# BloodRayne (2005)



## crusher310 (Dec 15, 2005)

I heard around universal that Bloodrayne is coming out next month.  Is anyone a Bloodrayne fan?  Is anyone looking forward to it?  My friends say that the previews look awesome.


----------



## Foxbat (Dec 15, 2005)

Welcome to Chronicles Network crusher310. I don't know anything about Bloodrayne but have moved your post to a more relevant section where other folk might see it and know a bit more about it.
Enjoy your stay


----------



## ravenus (Dec 15, 2005)

AFAIK Bloodrayne is made by Uwe Boll, who has generally been pilloried for what game fans consider his excreable adaptations of their fav games and what general audiences consider just plain awful movies


----------



## Thunderchild (Dec 15, 2005)

ravenus said:
			
		

> AFAIK Bloodrayne is made by Uwe Boll, who has generally been pilloried for what game fans consider his excreable adaptations of their fav games and what general audiences consider just plain awful movies


As an avid gamer I'll give this advice to anyone interested in seeing one of his game based movies.

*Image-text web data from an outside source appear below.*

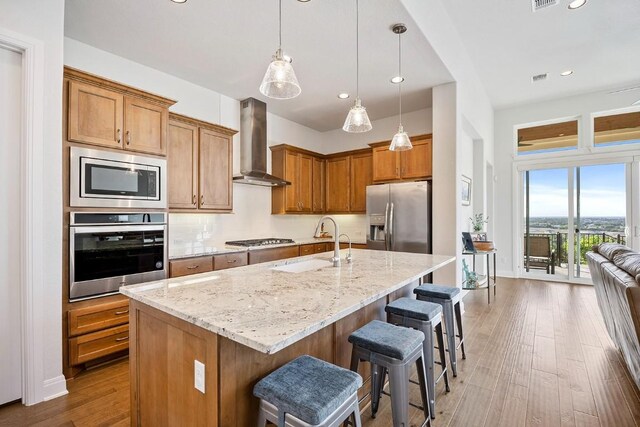 kitchen with dark hardwood / wood-style flooring, stainless steel appliances, a kitchen island with sink, sink, and wall chimney range hood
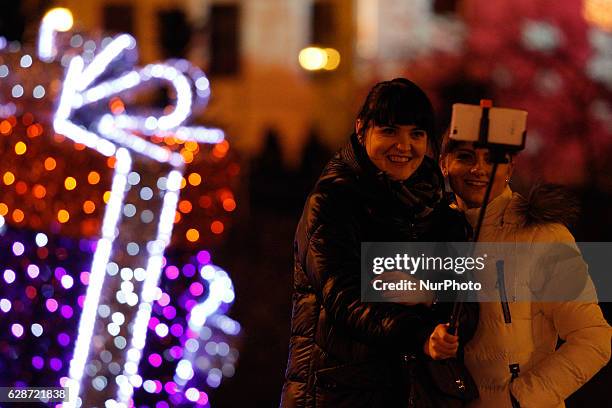 Bydgoszcz, December 8 2016. Two young women are seen taking selfies in front of a Christmas display on the old market square. Christmas spending is...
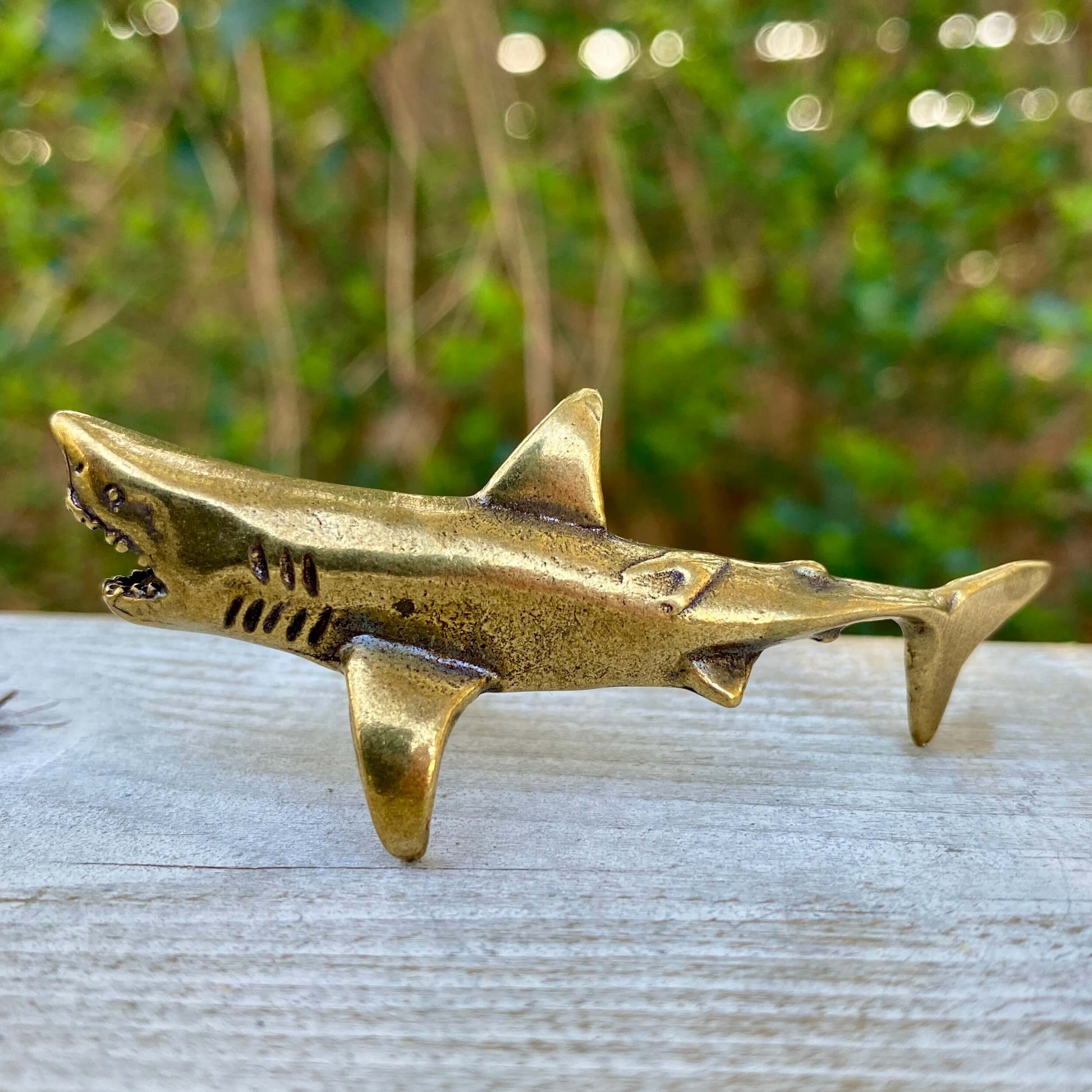 Solid brass shark sculpture by Wild Brass, symbol of power, agility, and strength, featuring detailed shark design.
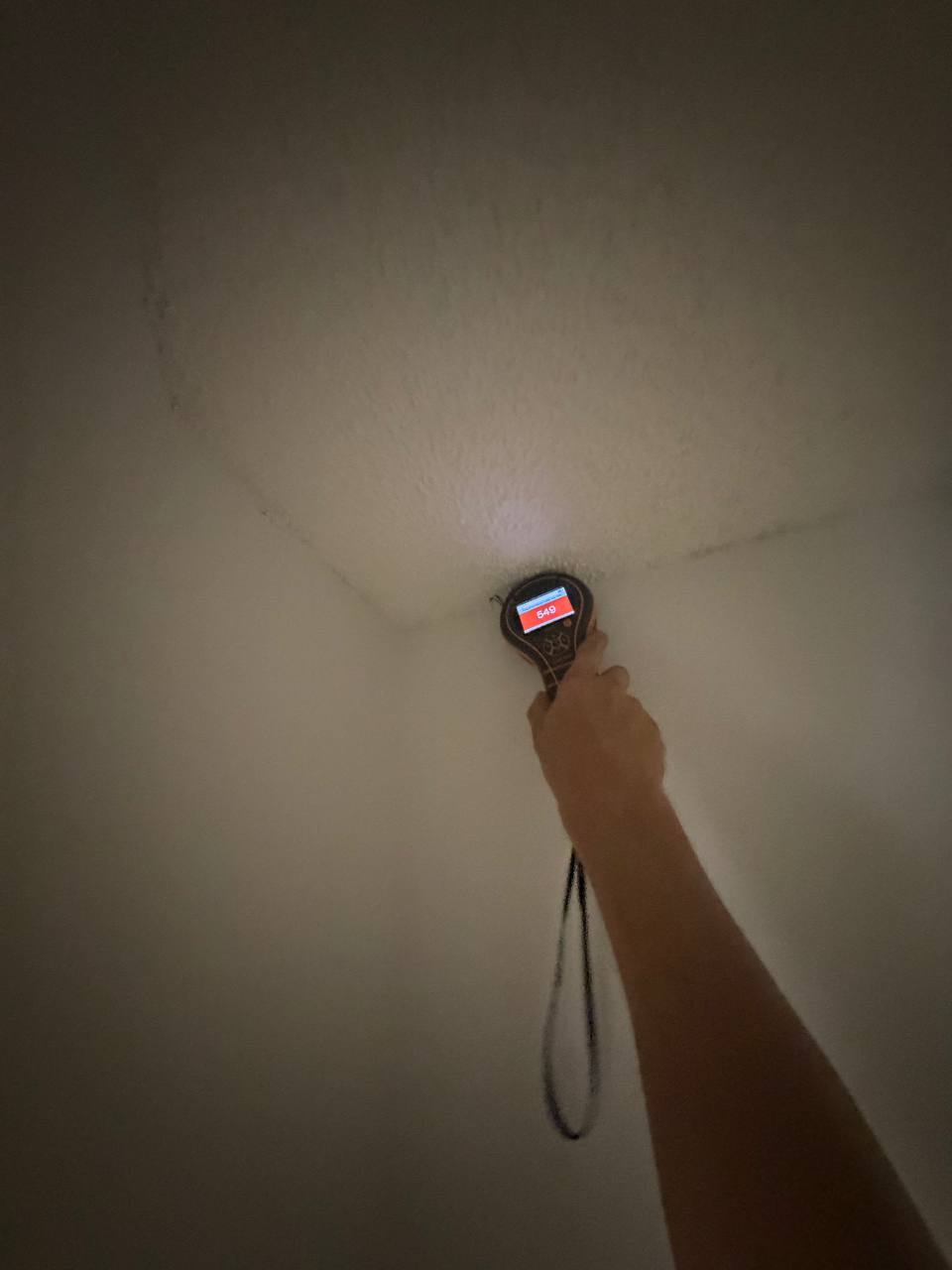 Protimeter gauge confirming high drywall moisture saturation beneath air duct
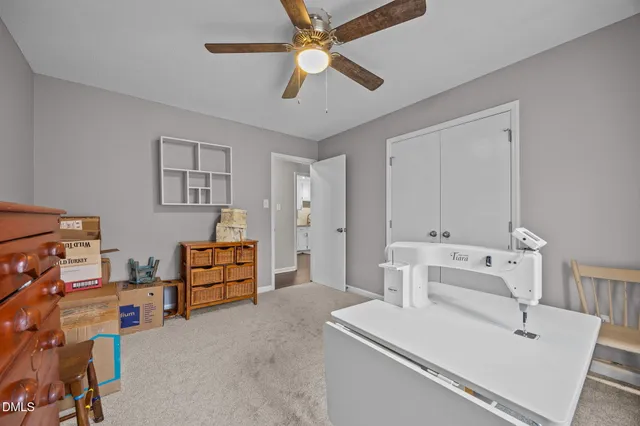 a bedroom with a bed and furniture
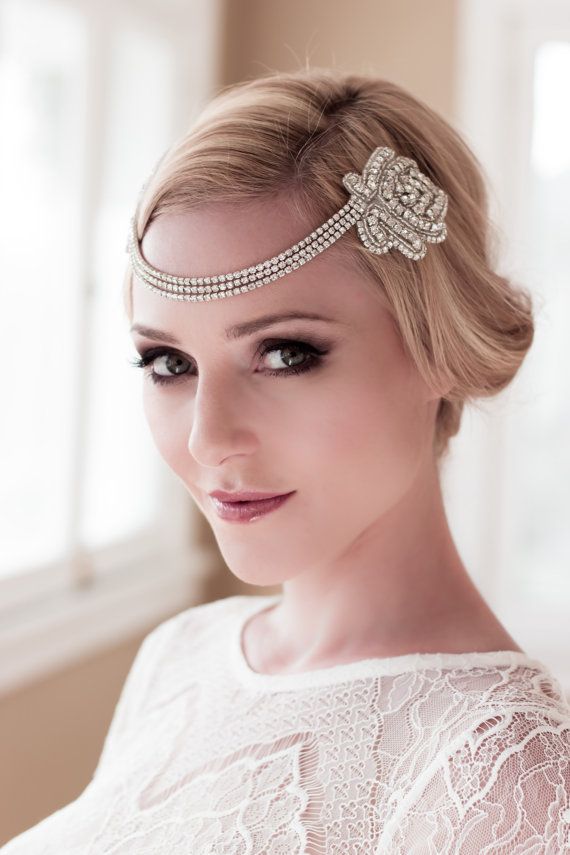 An embellished art decor bridal headpiece with rows of rhinestones will be an amazing addition to an art deco bridal look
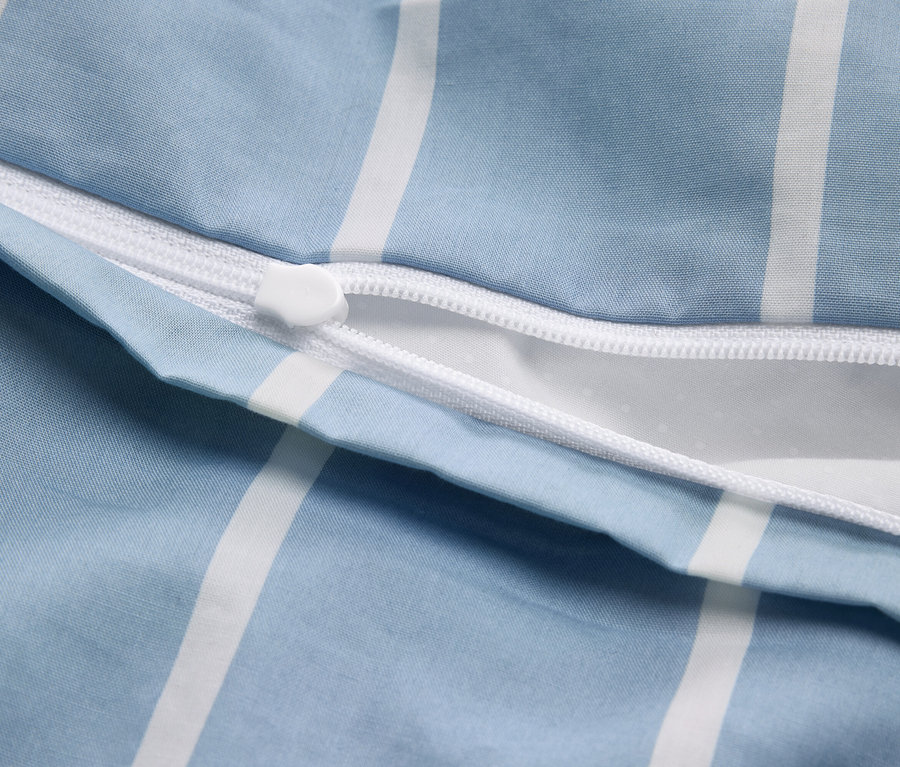 Gros plan d'une housse de couette partiellement ouverte avec un motif à rayures bleues et blanches et une fermeture éclair blanche.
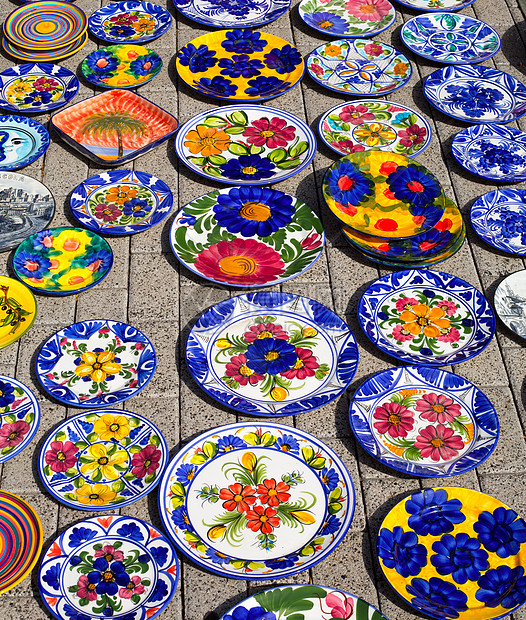 来自地中海西班牙的陶瓷精神纪念品太阳旅游陶器盘子假期地面店铺工匠图片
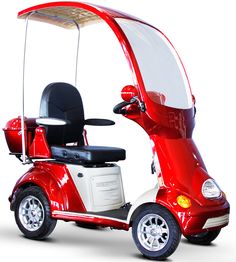 a red and white scooter with a canopy over the back seat on a white background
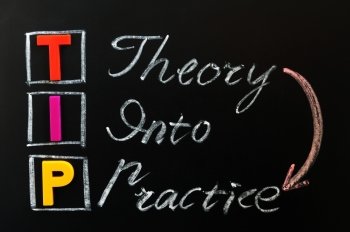 Acronym of TIP on a blackboard - Theory into Practice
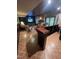 Finished basement bar with tv, beverage center, shelving, and additional seating area at 10505 Winding Wood Trail Trl, Raleigh, NC 27613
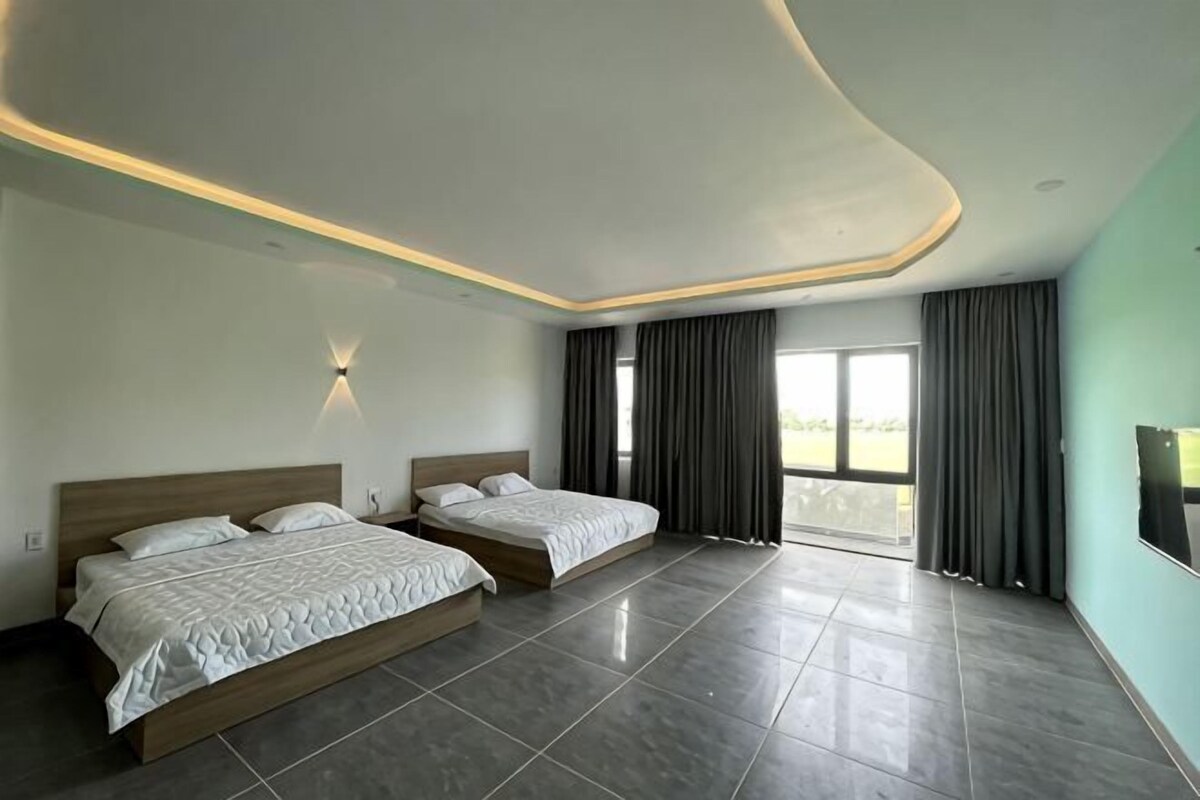 A hotel room with two beds, a large window, and a view of the outdoors.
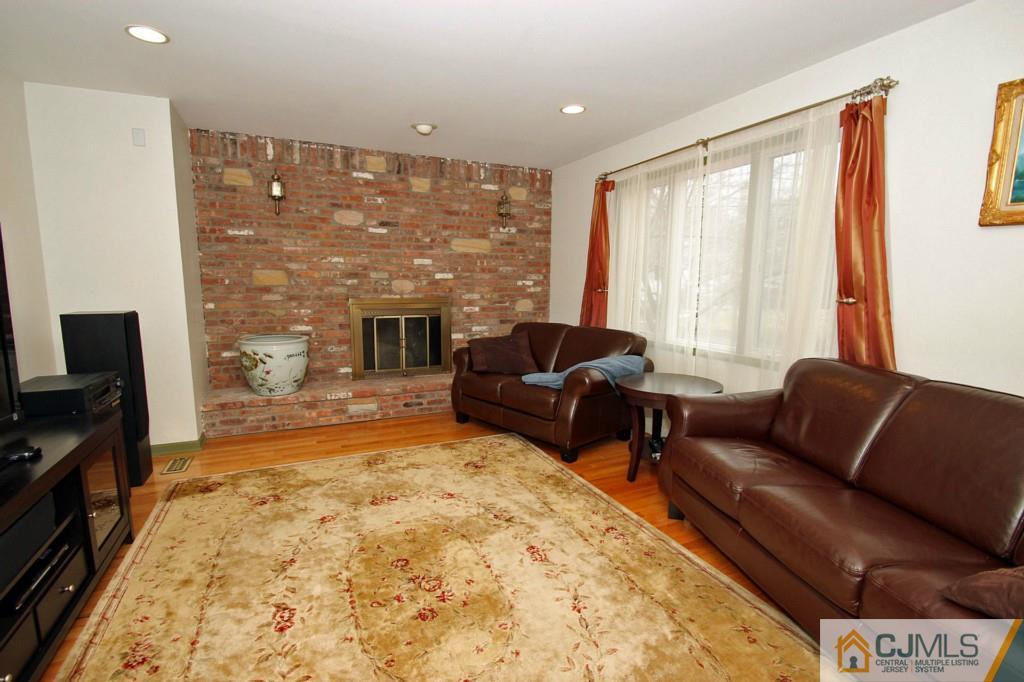 32 Timber Road Edison, NJ 08820 - Photo 4 of 25 a living room with furniture fireplace and flat screen tv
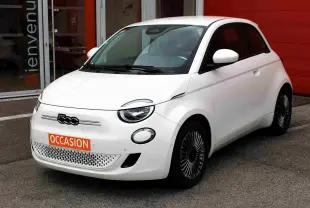 Fiat 500 électrique blanche vue 3/4 avant droit, avec jantes stylisées et plaque "OCCASION" orange visible.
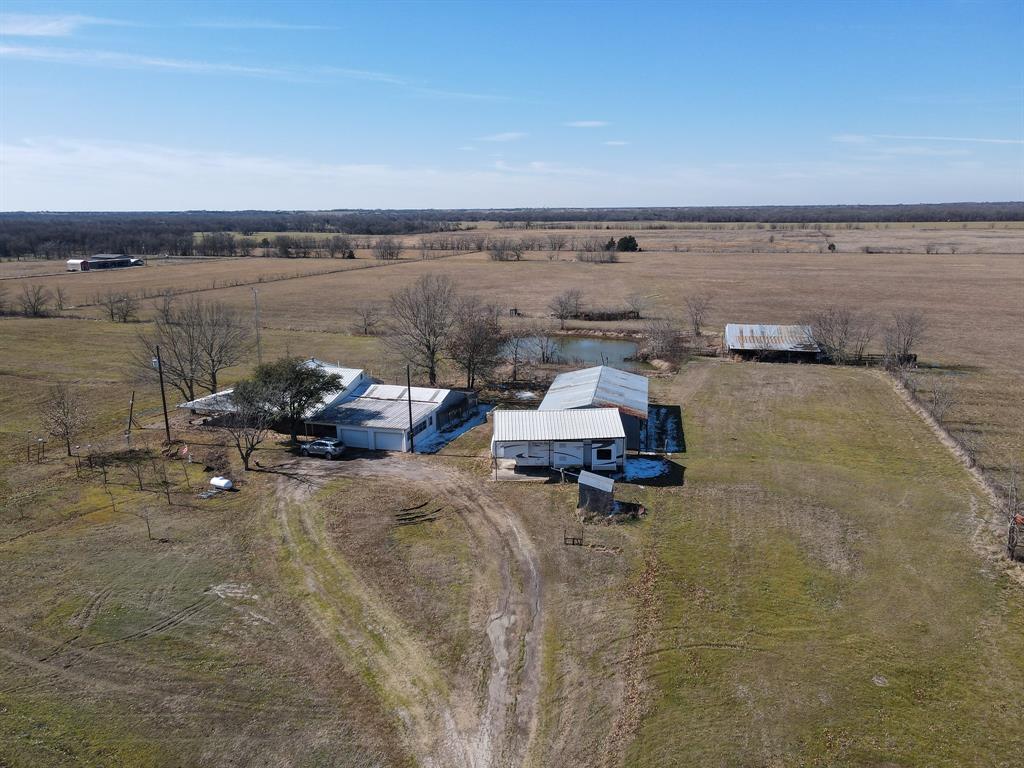6482 County Road 4700 Commerce, TX 75428 - Photo 20 of 23 a view of a terrace with sitting area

Uwe Boll is the devil - any atempt to see one of his game based moivies should be treated with extremly low expectations ( and even then you will probally be dissapointed)


----------



## crusher310 (Dec 16, 2005)

Foxbat said:
			
		

> Welcome to Chronicles Network crusher310. I don't know anything about Bloodrayne but have moved your post to a more relevant section where other folk might see it and know a bit more about it.
> Enjoy your stay



Thank you, foxbat.


----------



## crusher310 (Jun 23, 2006)

*...bloodrayne*

anyone play the game bloodrayne? i just got a copy of it for pc through working at umgd. the movie was decent if you like constant blood and gore. let me know what you guys think,


----------